In early 2022, the exceptional weather conditions allowed the Spanish Meteor Network (SPMN) to study 15 dazzling fireballs streaking across the sky. This work traces these meteoroids back to their cosmic origins and determine if any of these visitors could have dropped meteorites on Earth.

The extraordinary weather conditions available between February and March 2022 over Spain have allowed us to analyze the brightest fireballs recorded by the monitoring stations of the Spanish Meteor Network (SPMN). We study the atmospheric flight of 15 large meteoroids to determine if they are meteorite dropper events to prepare campaigns to search for freshly fallen extraterrestrial material.
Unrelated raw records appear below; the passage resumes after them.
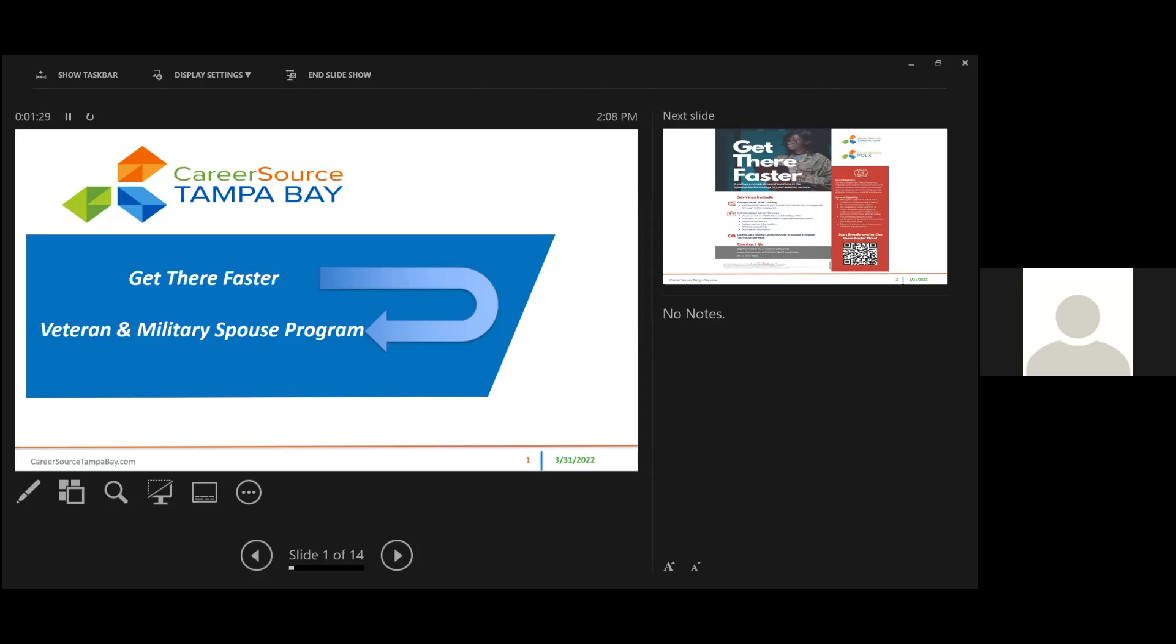So the grant overview. CareerSource Tampa Bay, in collaboration with CareerSource Polk, recently received a $3.1 million grant to expand training for the region's veterans, transitioning service members, and military spouses.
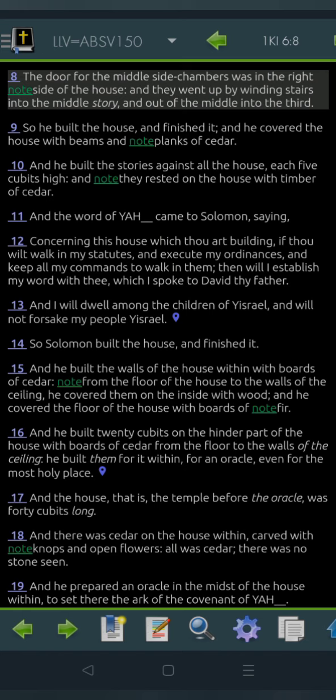So he built the house and finished it, and he covered the house with beams and planks of cedar, and he built the stories against all the house, each five cubits high, and they rested on the house with timber of cedar.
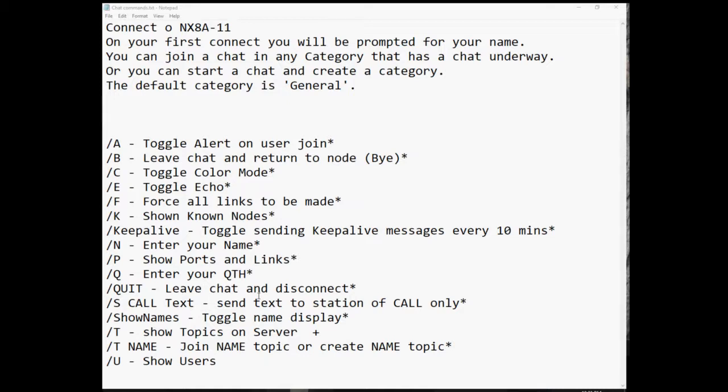All of these commands that begin with the slash have different functions once you're in the chat feature. You can pause and do a screen print if you want a listing, but this listing is also available many places online for the BPQ chat function. So let's get into the chat and you can follow along and watch what happened, and hopefully be encouraged to get on packet and do some multiple contacts using the chat feature at the BPQ station that you have access to.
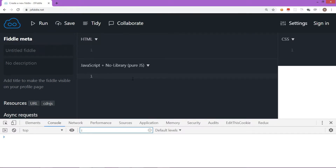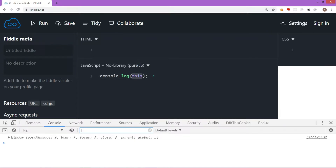We are going to discuss a very important and confusing concept called the 'this' keyword, which refers to an object. This is how we write 'this' in JavaScript, and it has many uses when referring to local members within a scope. If you display the value of 'this' with console.log, it shows the current context — where exactly it is pointing to. In the browser console, it shows the window object.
We investigate their origins in the Solar System and their dynamic association with parent bodies and meteoroid streams. Employing our Python pipeline 3D-FireTOC, we reconstruct the atmospheric trajectory utilizing ground-based multi-station observations and compute the heliocentric orbit. In addition, we apply an ablation model to estimate the initial and terminal mass of each event. Using a dissimilarity criterion and propagating backward in time, we check the connection of these meteoroids with known complexes and near-Earth objects. We also calculate if the orbits are compatible with recent meteoroid ejections. We find that ~27% of these fireballs are dynamically associated with minor meteoroid streams and exhibit physical properties of cometary bodies, as well as one associated with a near-Earth asteroid. We identify two meteorite-producing events; however, the on-site search was unsuccessful. By considering that these fireballs are mostly produced by cm-sized rocks that might be the fragmentation product of much larger meteoroids, our findings emphasize the idea that the population of near-Earth objects is a source of near-term impact hazards, existing large Earth-colliding meteoroids in the known complexes.

This work has been published in Monthly Notices of the Royal Astronomical Society.